We know Hayes’s central question before we even crack the cover, since it’s right there on the cover: What’s divine about divine Law? Her foundational claim is that the Bible and the Greeks developed very different notions of divine law. According to the Greeks, divine law is embedded within nature, both within human nature, and within the natural world. Divine law is magisterial; it is eternal, unchanging, and true, not like human law, which is not really all that impressive. It’s just something useful, that keeps changing according to the needs of the hour. There are many different versions of divine law in ancient Greek and Roman writings. You can get a sense of the diversity here. But what they all have in common is this dichotomy between human and divine law, with divine law’s grandiosity wrapped up in its universality and eternality.
Things look very different in the Bible, when we consider the depiction of divine law there. The title of Hayes’s book is really more a product of the Greek conception than the biblical one, since according to the Bible, divine law is really just law, and it’s not being contrasted to anything else. Law in the Bible is highly particular: it consists of particular instructions, given to a particular people, by a particular God, at a particular moment in time. There are variations on the biblical idea, just as we saw with the Greek idea. The Bible features law largely as a function of God’s will, but sometimes the Bible features law as a function of national history, and sometimes in more Greek-compatible terms, as an embodiment of wisdom.
After identifying the key patterns in this way, Hayes notices something interesting: the Greeks’ human law actually looks a lot like the Hebrews’ divine law. Whereas for the Greeks, law that is temporary, particular, and changing just wreaks of human production, for the Hebrews, God’s law was all those things, and that was totally fine. But for ancient Jews grappling with both these cultural legacies, the discrepancy was very perplexing and troubling. Divine law is either eternal or temporary, either static or changing, either universal or particular; it can’t be both. So which was it? As Hayes sees it, ancient Jews came up with three approaches to this question. Some ancient Jews harmonized the two conceptions; that’s what Hayes calls bridging the gap. Some ancient Jews maintained and even exploited this gap; that’s minding the gap.

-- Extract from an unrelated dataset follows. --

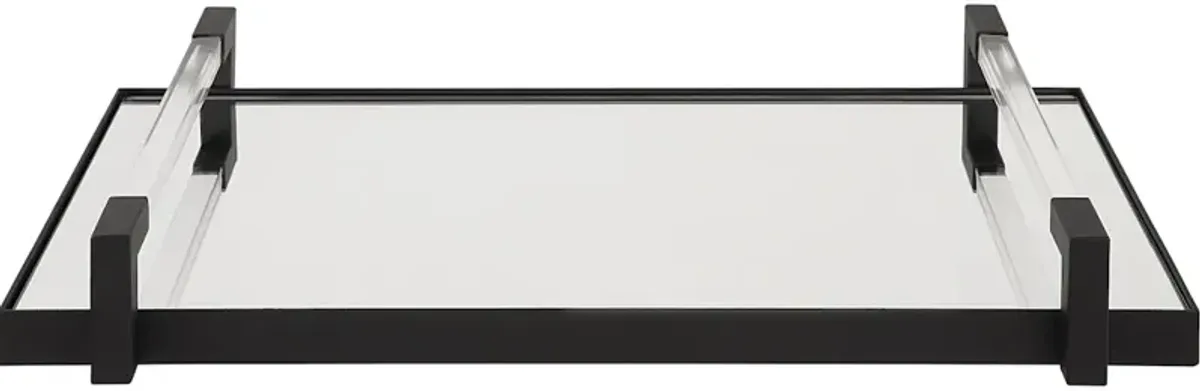 Deki Black Mirrored Tray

Still other ancient Jews tried to change the terms of the conversation altogether, and that’s what’s called resisting the gap.
I’ll say a bit more about each strategy. The first strategy of bridging the gap could go in different directions. Philo, for example, basically deleted the Bible’s own conception, and read the Greek notion into the Bible. First Enoch and Jubilees, on the other hand, took aspects of the biblical conception and overlaid them onto the Greek one, such that natural law took on a positivistic cast. In a third version of bridging the gap, typified by the Qumran sect, the law of the cosmos (in other words, the Greek version of divine law) was thought to be the very substance of the Torah, revealed by God to the true Israel, which was, of course, them, in their view.
Minding the gap was principally Paul’s ingenious invention. No harmonizing for Paul. Paul instead accentuates the discrepancy, insisting that the Torah is one thing, while divine law is entirely another. For Paul, it made sense only for genealogical Jews to observe the written law of the Torah; it made sense for gentiles, by contrast, to focus their attention on the universal, unwritten law of nature. In order to convince the gentiles of this, Paul at times seems rather dismissive of the Torah, and we know how the rest of that story turned out.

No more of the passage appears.